Rhianon Jameson said...

Another excellent reason not to spend taxpayer dollars on National People's Radio. :)

It does seem to be an under-researched, under-thought piece.

RF said...

@ Mr. Taylor - More and more people do wonder why NPR still obtains an allowance from the Federal government, and if the current sentiment towards them carries, their purse strings may be cut sooner than later. Additionally, quite sorry to hear the Village Voice's accusations - I suppose that NPR does not have a monopoly on "journalist excellence".

@ the lovely Miss Jameson - I concur, it seems rushed and his single reference to an "NPR Steampunk" article seemed a bit lazy. Prior to his article, I found (Googled) at least four other "NPR Steampunk" articles, including one from Mr. Von Slatt, but he decided to use one with less of a community focus.

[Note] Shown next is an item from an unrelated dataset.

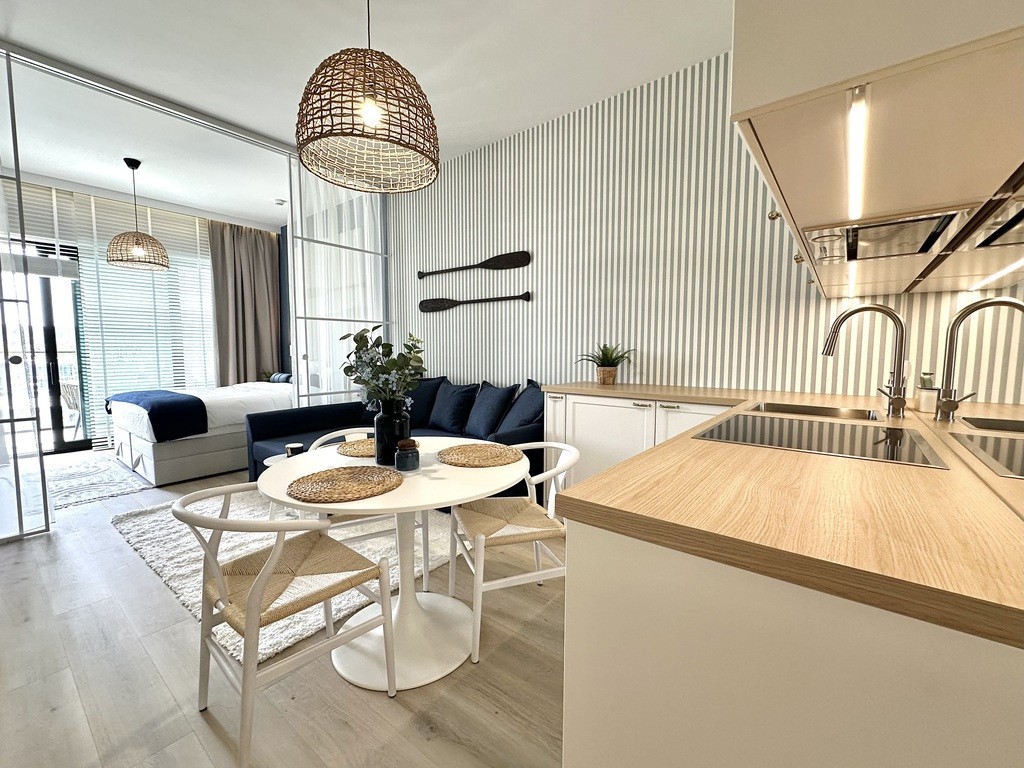Apartament przy samym molo | V piętro | Basen - Widok 3
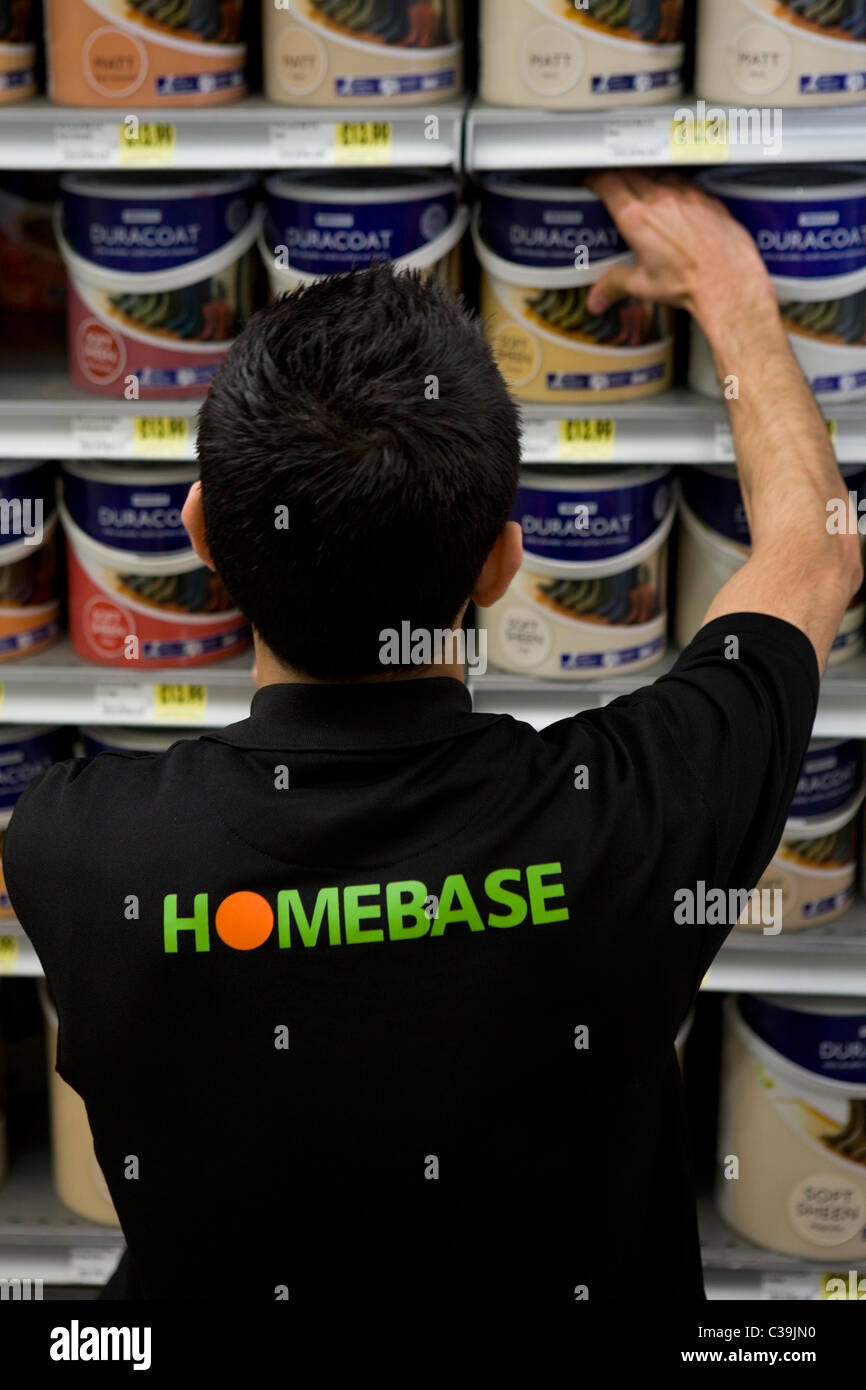 Store employee stocking shelves hires stock photography and images Alamy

Again, I agree, a rush job on this fellow's part.

nofixedstars said...

it's always mysterious to me why people might prefer the mass-market, big business beholden mainstream media to national public radio or public television. these "alternative" media sources are not elitist, not supported solely by "the rich", and the relatively small funding they get from the government seems not to have compromised their reporting principles, which is in stark contrast to the morass of biased and bastardized--not to mention occasionally manipulated-- sound bytes that pass for information /news from the major networks. having said that, no institution is free from error, and even the best institution can have a few less than stellar employees, or a decent employee who was having an off day or was misinformed or biased.
yet, as a person who likes steampunk tremendously, and has found the more beautiful productions and more thoughtful musings from its realm to be the perfect antidote to a harried, throw-away modern culture, it is disappointing to see the piece in question; it did seem like a poorly developed bit of writing, and rather pettish, if i may use a somewhat dated word. any genre will have its spectrum of quality, and the genre as a whole should, i think, be judged on the basis of its best exemplars rather than its worst. which is how i feel about NPR as well...

Ralph said...

Bah. The moment anyone comments upon "social justice," his voice turns in my ears to the whining noise of an attendant housefly. Social justice is the blather of over-educated dullards, man-children fresh out of the womb of university life and gormless as babies to the real world. A man obsessed with "social justice" in art has no intellect to invest either in art OR in actual justice... another fool disgruntled that Shakespeare has insufficient minorities in his cast, or that Pride and Prejudice doesn't come in an ebonics translation for the african-american children of the ghetto to read (must pander down to the poor benighted dears, don't you know.)